MOSS-TTS is especially useful for builders who care about local or controllable voice infrastructure. OpenMOSS documents llama.cpp, ONNX, SGLang-Omni, vLLM-Omni, and Nano CPU paths, while SGLang-Omni documents why the Local Transformer model needs a multi-stage speech-serving runtime rather than a plain text-only LLM loop.

Evidence caveat

Use OpenMOSS, MOSI, Hugging Face model cards, papers, and runtime documentation for facts about model IDs, license, architecture, supported features, and setup. Use official X posts for launch freshness and community X or Reddit sources only to understand what users ask about: which variant to run, whether it works on Windows or Apple Silicon, how much VRAM is needed, how voice cloning compares, and whether a smaller local model is enough.

MOSS-TTS FAQ

Page-level questions for MOSS-TTS.

What is MOSS-TTS?+

MOSS-TTS is an open-source speech and sound generation model family from MOSI.AI and the OpenMOSS team. It includes variants for voice cloning, long-form text-to-speech, spoken dialogue, voice design, real-time streaming speech, sound effects, and small local deployment.

Which MOSS-TTS variant should I start with?+

Start with MOSS-TTS-v1.5 when you want the flagship voice-cloning and long-form TTS model, MOSS-TTS-Local-Transformer-v1.5 when you need 48 kHz stereo streaming deployment, MOSS-TTS-Nano when CPU-friendly local TTS matters most, and MOSS-TTSD when your input is multi-speaker dialogue. Treat VoiceGenerator, Realtime, and SoundEffect as specialized branches for voice design, voice agents, and sound generation.

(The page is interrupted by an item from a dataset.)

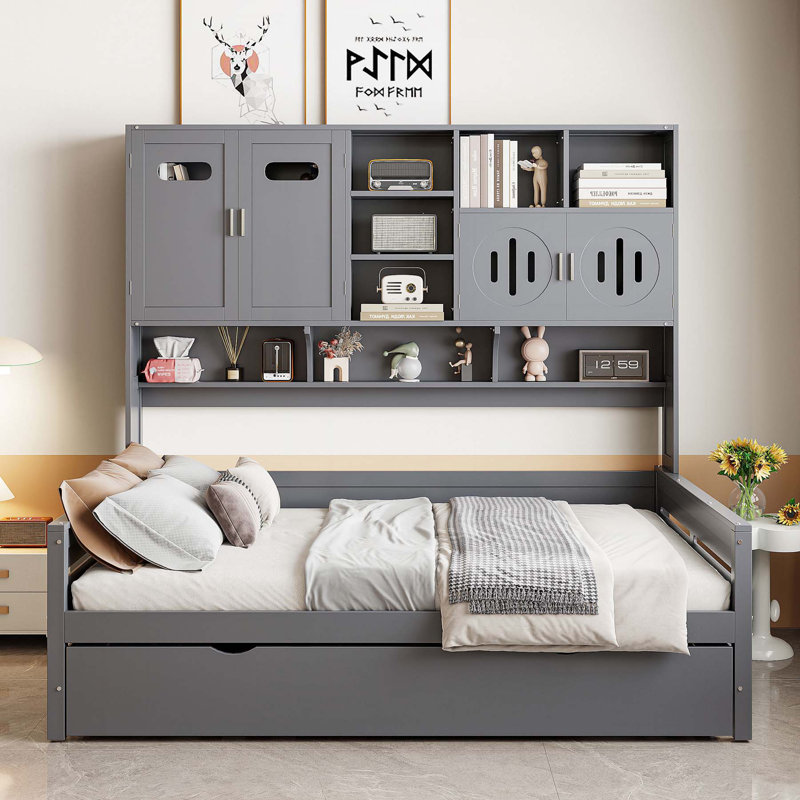 Lit de jour en bois à fonctionnalité complète avec lit gigogne simple et armoire et tablette intégrées, parfait pour les invités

Can MOSS-TTS run locally?+

Yes, but the right local path depends on the variant and hardware. OpenMOSS documents PyTorch, llama.cpp, ONNX, SGLang-Omni, vLLM-Omni, and Nano CPU-oriented paths, while community discussion focuses on VRAM, Windows setup, and whether the smaller Nano branch is enough for a given product.

Why does GetLLMs list MOSS-TTS-v1.5 as the model record instead of every variant?+

GetLLMs lists MOSS-TTS-v1.5 first because it is the clearest current flagship record with a stable model ID, model card, license, and documented loading path. Other variants deserve separate records when the user specifically asks for that variant or when source evidence shows distinct search demand around setup, pricing, examples, or deployment.